Ohio's rivers are beautiful — they are also wild places that can be dangerous.
WEAR A LIFE JACKET
No one plans to fall out of a boat. A life jacket helps protect you from unpredictable moments on the water. Once you have fallen into the water, it can be almost impossible to put on a life jacket. Wear a Coast Guard-approved life jacket at all times. It is the law for children under 10 years old to wear a life jacket on boats like canoes and kayaks..
Two-thirds of drowning victims are good swimmers, and in the majority of boating-related fatalities, life jackets were not worn. Please don’t become a statistic.
AVOID ALCOHOL WHILE BOATING
Alcohol remains a primary factor in fatal boating accidents. It impairs your balance, slows decision-making and leads to dehydration. These impairments increase the likelihood of an accident in constantly changing river conditions. It is illegal to operate a watercraft while under the influence.
HIGH FLOW? DON’T GO
High flow increases the dangers of hazards that you can’t see, like frigid water, boulders and downed trees.

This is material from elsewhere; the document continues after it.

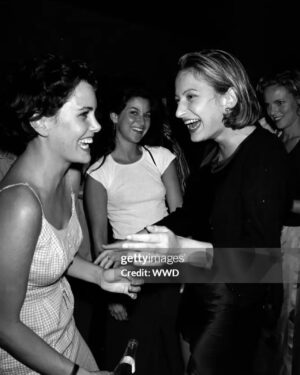 Ione Skye Instagram - out and about 📸 1994 at the Natural Born Killers after party, a fashion show and at Naked Angels, theater Company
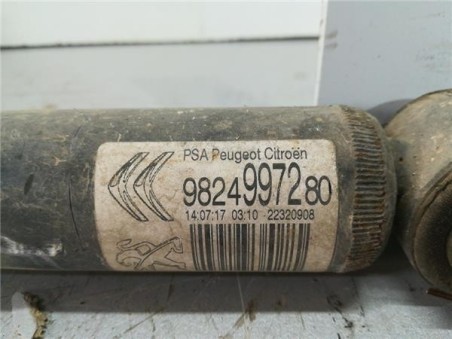 Amortiguador Trasero Izquierdo Citroen C3  1 2 Business [1 2 Ltr  - 60 kW 12V VTi / PureTech]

Overhanging branches and log jams can form obstructions known as “strainers” that block or “strain” you, flipping your boat and pinning you against the obstacle while water passes by. Many drownings involve strainers and the absence of life jackets.
How do you know if river flow is too high? If it looks like you’d have trouble standing or swimming due to swift currents, or if there’s been a lot of recent rainfall, don’t go. Check flow levels at river gauges in advance of your trip.
BE PREPARED FOR COLD WATER
- Even on a sunny day, you are at risk of hypothermia if you fall in the water. This is particularly a concern during spring days when the water has not yet had a chance to warm and can easily be below 60 degrees.
- Avoid cotton clothing. It absorbs water which will lower body temperature.
- Dress in layers so you can adjust throughout the day and keep extra clothes in a dry bag.